Task to complete: A faithful copy of all the data is the goal; omit the pictures.

Data excerpt:
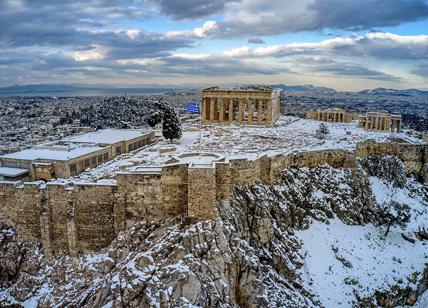 Grecia, la città di Atene sotto la neve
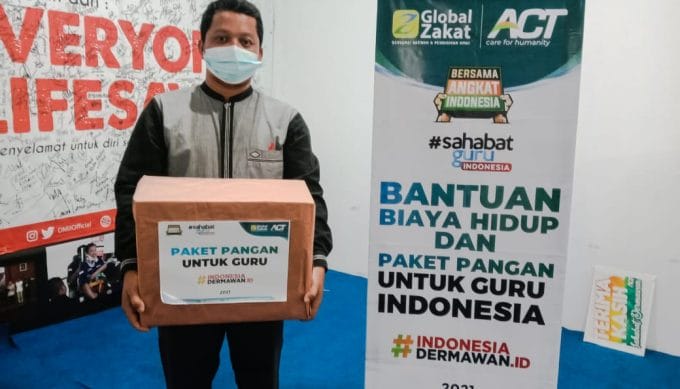 Tim Global Zakat-ACT Bangka Salurkan Bantuan Kepada Guru Honorer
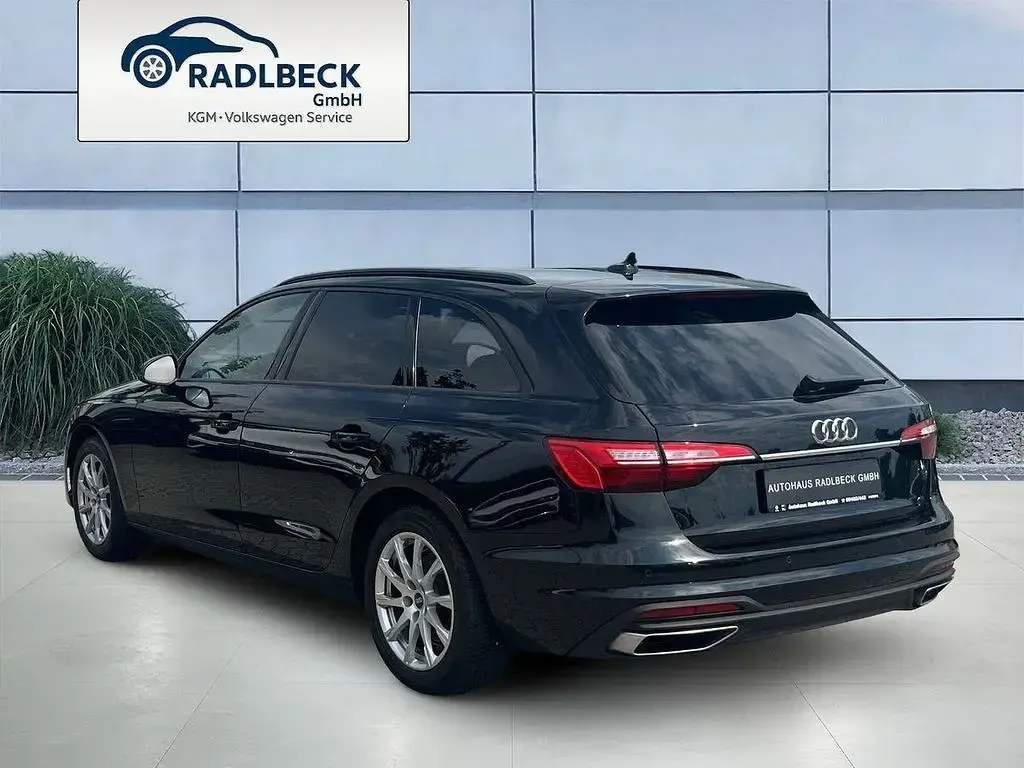 Gebraucht Audi A4 150 PS (110 kW) 2022 Schwarz Limousine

Finished exercise:
 Grecia, la città di Atene sotto la neve
 Tim Global Zakat-ACT Bangka Salurkan Bantuan Kepada Guru Honorer
 Gebraucht Audi A4 150 PS (110 kW) 2022 Schwarz Limousine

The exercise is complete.